You know the funny part? That they made Greece buy so many military hardware that it has more tanks that France, Germany and some other country together, lol. Just hope they don’t turn crazy.

But well, before talking about Franco, let’s look a bit more at the world:

– France, the country of “liberté, egalité, fraternité” was already pretty nutsy when they wanted to pass a law to spy on all citizens. Thanks to Charli Hebdo strike/false flag, that went through pretty smoothly, it didn’t even hurt (hah!). Also, remember that they are the ones who started the whole 3-Strikes deal.

– UK: Cameron seems to be going crazy about encryption and that. It seems that brits want to see how WW2 was from the German side. At least the part of having a GESTAPO spying on you (they already do that).

– US: let’s not bring out the NSA, OK? Or the TSA, the Police, particularly officers that shoot 137 times to 2 suspects or shoot at kids; that’s when they don’t steal your money outright, tase you or any of those things that are done in a free and democratic country.

Yeah, we could talk about the Ley Mordaza (Gag Law) all the day. But just remember that you got a Gag Bang organized in your backyards too.

Anonymous Coward says:

Re: Re: Re:

They are already illegal. The new law isn’t to address illegal activity.

The novelty of this law is making criminal activity something related to “administrative fines”.

I’m talking from memory here, but part of those things is that they are fines and not sentences. I mean, you get fined by that by the simple fact that you have done it, no judge, no court or whatever (the same as a parking ticket or driving drunk, if you get my drift).

As only monetary fines are considered and not penal, the Code of Law that takes care of them is different. In fact, you just get fined.
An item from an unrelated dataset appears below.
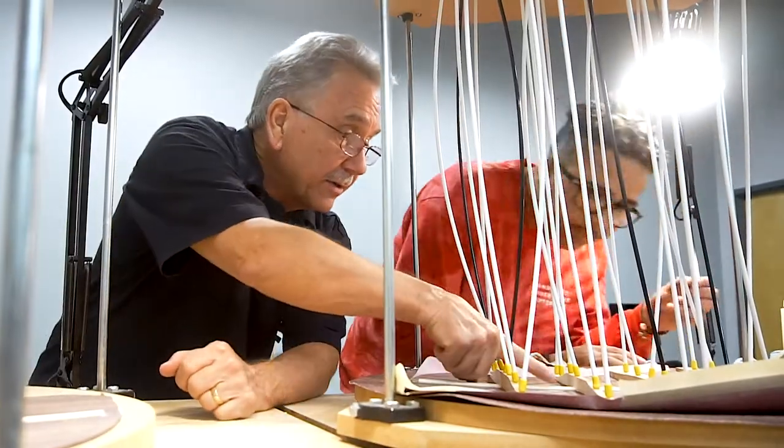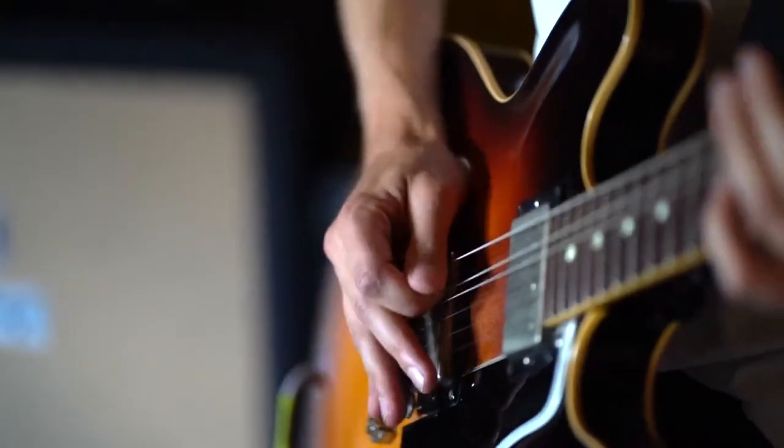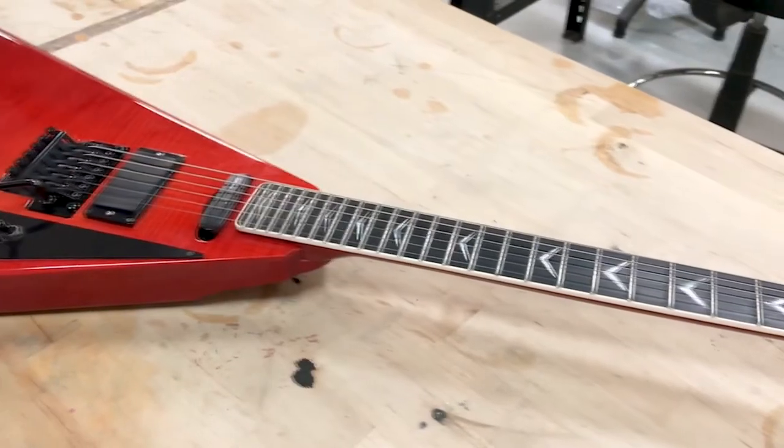And with career opportunities that include touring with bands as a guitar tech to working for big-name guitar brands, there's no shortage of ways that Guitar Craft Academy can provide the education you need to build a foundation for success.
If by any chance you want to defend from those charges, you have to go through what’s called a “contencioso administrativo”, that is akin to suing the government. It’s an uphill battle and even if you win, you’re paying the cost of it (“costas”, meaning you pay the use of a court, usually the loser pays for it in a trial).
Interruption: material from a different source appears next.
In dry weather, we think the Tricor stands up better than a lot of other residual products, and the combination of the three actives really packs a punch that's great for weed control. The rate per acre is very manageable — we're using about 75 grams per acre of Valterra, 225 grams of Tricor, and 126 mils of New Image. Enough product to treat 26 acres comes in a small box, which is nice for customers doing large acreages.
There is also the fact that policemen here got the upper hand against a citizen. For example, if a policeman says it’s black and you say it’s white, it’s black by law. Their word is worth more than yours.

Now, add to that that you can be fined for filming or recording their activity plus that “lack of respect clause” and you’re up for some hefty fine just because a policeman doesn’t like you (like, for example, asking for his ID).

So yeah, you ask a policeman his ID (they should have it visible, but that’s not always the case), he claims that you have disrespected him (like insulting him), his word is worth more than yours and as filming/recording them is illegal, you’re pretty much screwed.

Another novelty is that they make the organizers responsible for everything that happens in a demonstration, even if it’s done by unrelated groups. So you organize one, a rival/opposite group vandalizes it and you’re going to get a pretty good fine over your head.

Even retweeting it and/or spreading the word over social networks may be considered finable too.

And yeah, not sure about what the Constitutional Court will say. To be honest, for most people it’s pretty unconstitutional not being able to film/record policemen doing their job. The thing is that the CC is made of judges designated by political parties, and you know what that means…

Anonymous Coward says:

The government brought this law in, because loads of politicians committed fraud/ stolen a shit ton (millions) of the peoples money and they don’t want to get linched for it. It wasn’t just a few politicians. They keep on getting caught. week after week and still only a couple have gone to prison.

So when we starting this revolution then. I’m pretty fed up of all the wars and legal bandits ruling us, telling us what we can do and say.